The Investment Guaranteed Growth Bond, sold exclusively through National Savings & Investments (NS&I), will pay a fixed rate of 2.2 per cent for three years.
Consumer price inflation figures published yesterday showed growth of 2.3 per cent a year in March, which means that savers in Hammond’s bond will still see their money erode in real terms.
Danny Cox, chartered financial planner at Hargreaves Lansdown, said the squeeze on savers is set to continue: “The NS&I bond’s 2.2 per cent already falls short of inflation and this gap is likely to widen over the next few months as inflation climbs higher.”
Cox said the bond will still be popular because it is backed by the Treasury: “Unlike the NS&I pensioner bonds, launched in 2015, this is available to everyone aged 16 and over, with the offer open for a full year.”
However, savers aged between 18 and 39 may prefer the Lifetime Isa, which offers a 25 per cent bonus to those saving for a first property deposit or retirement, worth £1,000 on the maximum £4,000 investment, Cox said.
“This is a far better return than you will get on the new NS&I bond,” he added.
MoneyComms.co.uk personal finance expert Andrew Hagger said the bond’s appeal is further reduced by its maximum £3,000 limit: “You also have to lock your cash away for three years, which is scant reward for savers who have endured rock-bottom rates for too long.”
Hagger said the bond offers only slightly more than the best savings from the new breed of “challenger” banks: “You can already earn 2 per cent with Secure Trust, 1.90 per cent with Vanquis Bank and 1.87 per cent with Charter Savings Bank.”
All of these are covered by t h e Financial Services Compensation Scheme (FSCS), which protects the first £85,000 of savings.
“The NS&I bond pays just £6 a year more than Secure Trust, so it does not deliver a great deal extra when you crunch the numbers.”
Rachel Springall, finance expert at MoneyFacts.co.uk, said Hammond’s bond could soon trail the market if savings rates continue their recovery: “There are encouraging signs of improvement, with the average five-year fixed rate now paying 1.81 per cent, the highest since August.”

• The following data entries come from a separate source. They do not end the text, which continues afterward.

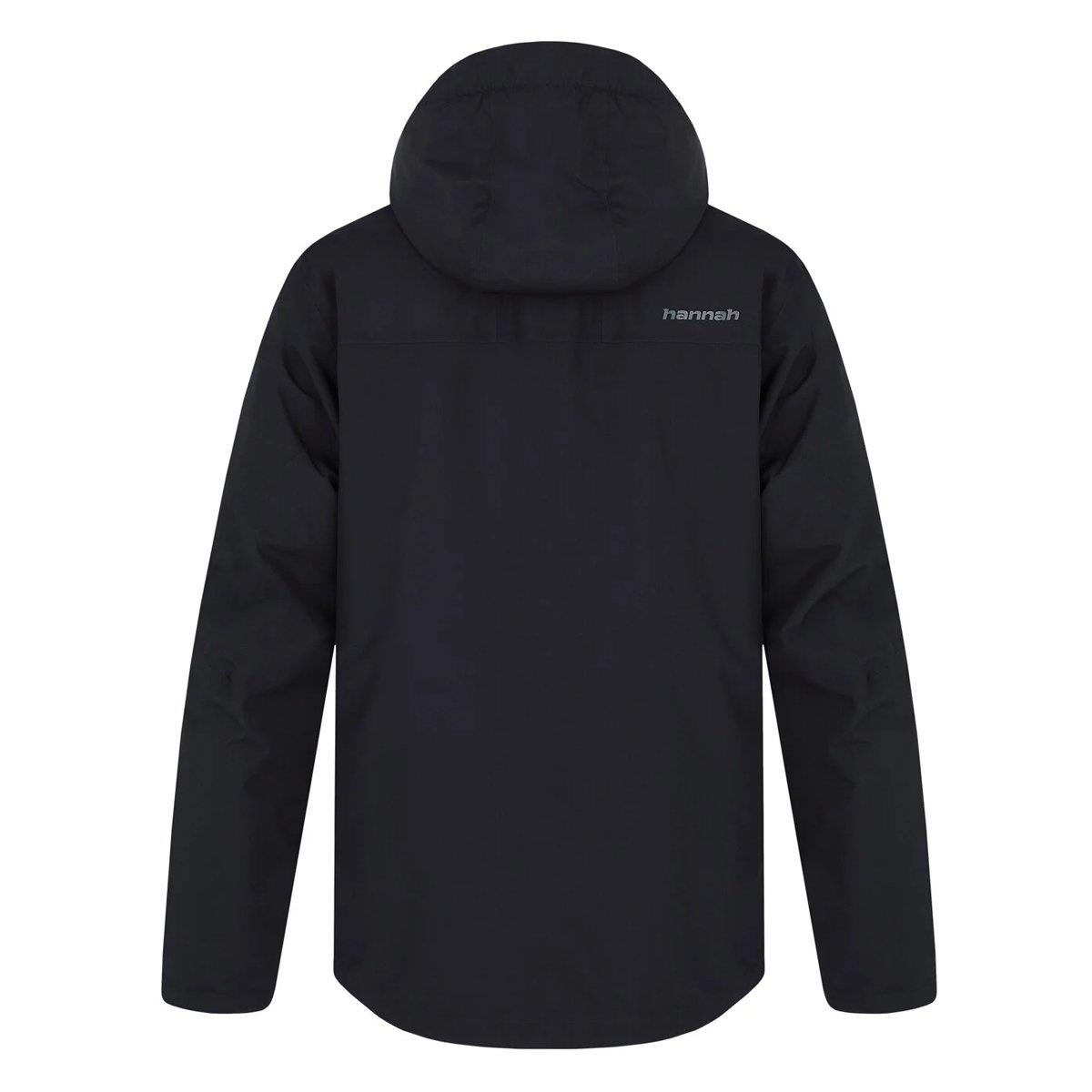 Hannah Deyton Erkek Outdoor Mont anthracite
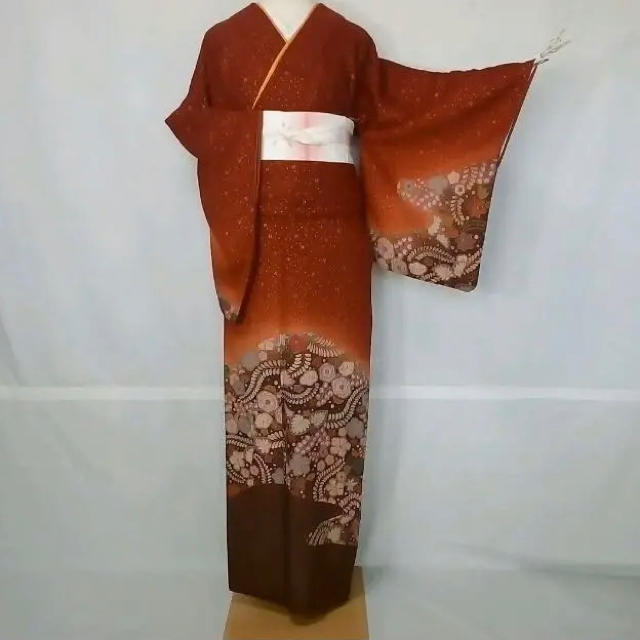 辻ヶ花付下げ 辻ヶ花付下げ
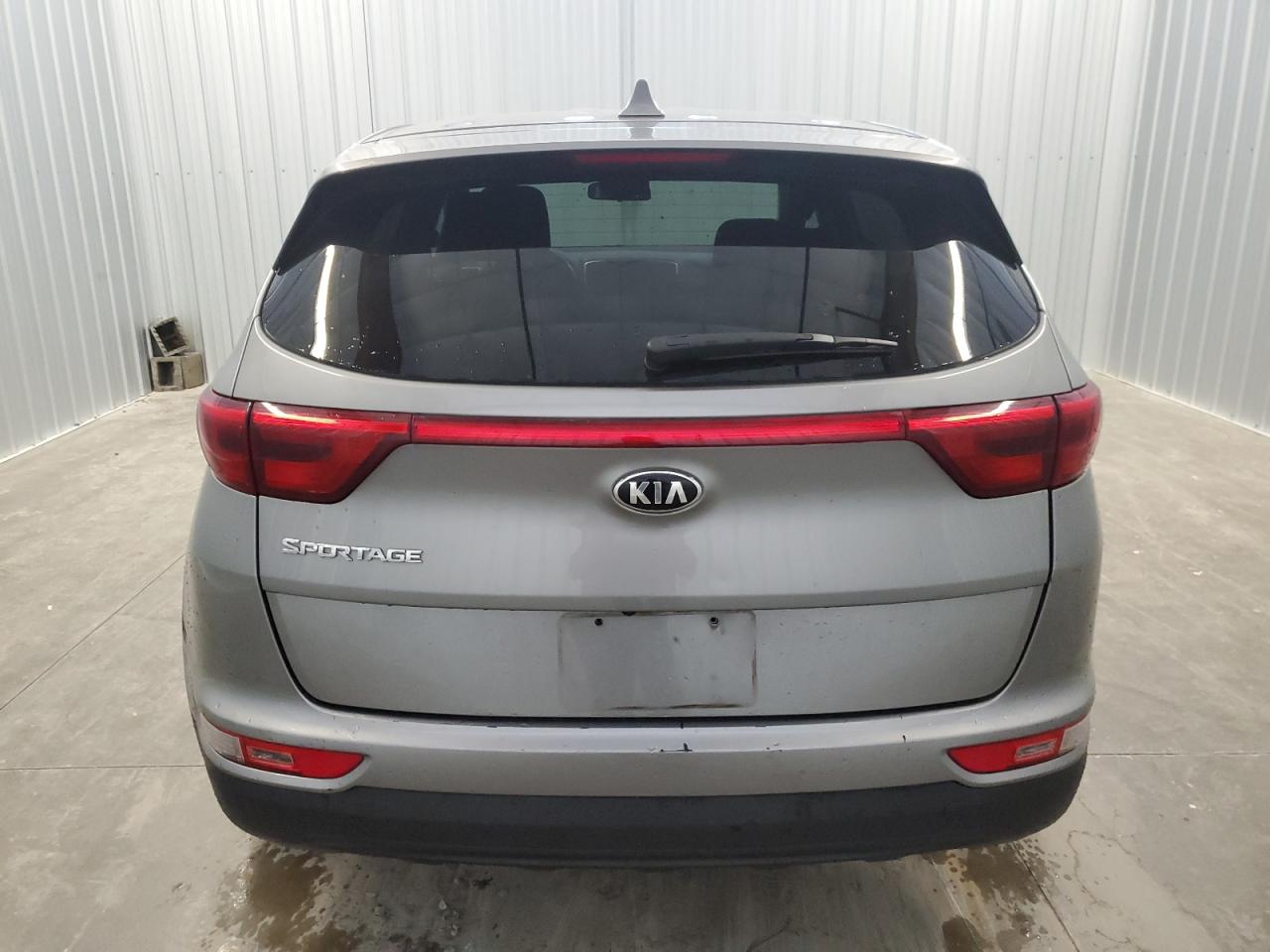 2019 Kia Sportage Lx VIN: KNDPMCAC3K7618663 Lot: 75523544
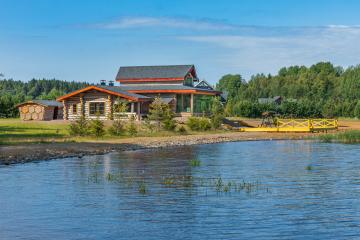 Отель Черные камни Россия, Сортавала, фото 24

She said that only one out of 740 accounts now beats inflation, Ikano Bank’s fiveyear fixed bond, paying 2.35 per cent on £1,000 and above.
This is only available online and is covered by the Swedish Deposit Insurance Scheme, rather than the FSCS. US motor manufacturer Ford has now entered the savings market with rates including 0.85 per cent on easy access and 1.50 per cent fixed for two years, but these can be bettered elsewhere (see best buys on page 38).
Inflation is being driven higher by price hikes on food, alcohol, tobacco and clothing, offsetting a dip in petrol prices and airfares.
SUFFER IN SILENCE
Richard Theo, chief executive at Wealthify.com, said the UK is in the midst of a “silent savings crisis” with prices outpacing savings rates at a cost of around £6.8billion a year, the equivalent of taking almost £95 out of each saver’s pocket every year.
Despite this, experts said the Bank of England is unlikely to hike base rates from today’s 0.25 per cent.
However, Russ Mould, investment director at AJ Bell, said suggestions that retailers would use Brexit as an excuse to pass on price hikes have been proven wrong, offering some hope to savers: “There may not be the real build-up in inflationary pressure that many were fearing.”